Ce style, à la fois émouvant et gardien de secrets, semble s’inspirer des peintres qui fascinent la narratrice : les impressionnistes. Leur but est de capter la lumière, de donner une impression plutôt que de représenter le plus fidèlement possible. Et c’est là la caractéristique de l’écriture de Pierrine Poget : celle-ci est une autrice impressionniste. Voilà pourquoi le livre divulgue sa propre histoire, voilà pourquoi cette histoire n’est pas le point central, voilà pourquoi on finit le livre sans savoir exactement ce qui s’est passé. On ressent ce que la narratrice a traversé, au lieu de savoir.

Touchant est le meilleur mot pour décrire ce livre, au point que je peine à trouver d’autres adjectifs. Le fait qu’on ressent si vivement ce que la narratrice traverse a pour effet que le lecteur se sent lui-même compris par la narratrice, il se voit refléter dans son œuvre. Avec une centaine de pages, ça peut se lire en une après-midi, mais ce n’est pas une lecture facile : parce que chaque page est émouvante, je devais m’asseoir en silence un moment après avoir fini ce livre, même à la deuxième lecture. C’est le compliment ultime : cette œuvre accomplit son but tellement bien qu’elle en est bouleversante, il faut la lire un petit peu à la fois.

Cela dit, je ne peux pas recommander ce livre à tout le monde. Il faut aimer la poésie, ou au moins avoir l’esprit ouvert ; moi-même je ne lis pas beaucoup de poésie, il y avait des passages où je ne comprenais pas vraiment, mais j’étais content d’être là. 

Inachevée, vivante est un livre extrêmement touchant et charmant, qui raconte le parcours d’une vie avec énormément de talent : tous ses lecteurs s’y retrouveront.
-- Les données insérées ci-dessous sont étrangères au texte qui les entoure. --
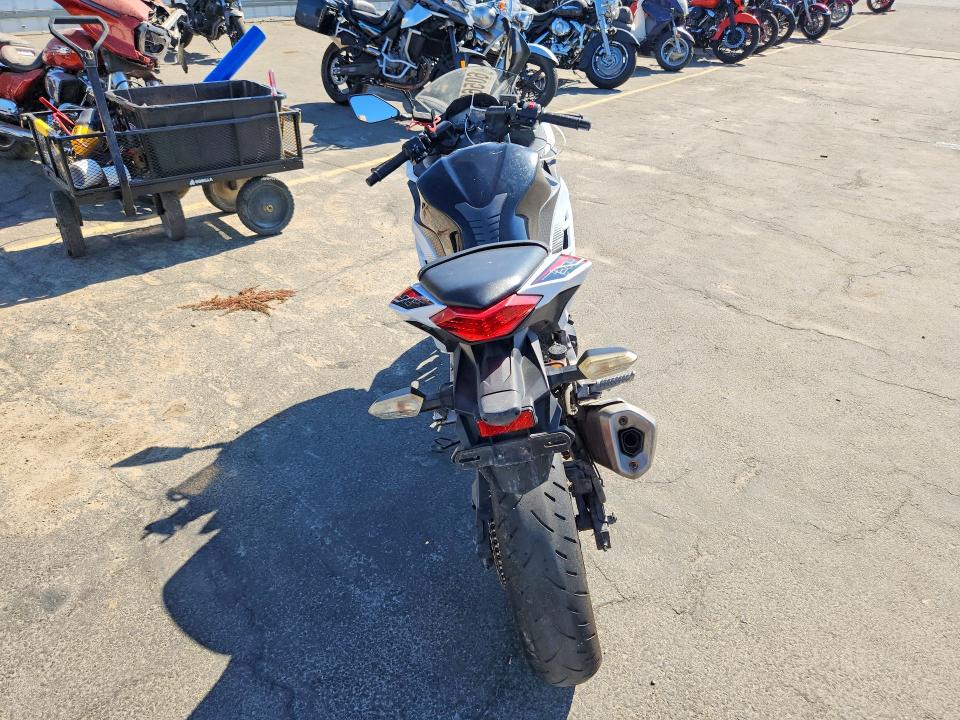 2014 Kawasaki VIN JKAEX8A1XEA004608 COPART salvage auction — SIDE, Ca - Dlr/Dis/Exp Only Salvage Title, sold $1,000 on 2026-07-18 (photo 4)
Voici une citation qui le résume : « Il n’y a pas de vie sans contrepartie de lutte, d’existence qui, traversant toutes sortes d’états, n’ajoute son tumulte à celui des autres avant de trouver sa place ». C’est un livre qui parle : d’une femme, d’une mère, d’une écrivaine. Mais ce livre est bien plus universel que cette description peut nous le faire penser. Nous devons tous lutter, tous nous adapter pour trouver notre place, et ce livre, témoin d’une vie, est là pour qu’on se sente compris.


Pierrine Poget, Inachevée, vivante, La Baconnière, 2024, 18CHF, 112 pages.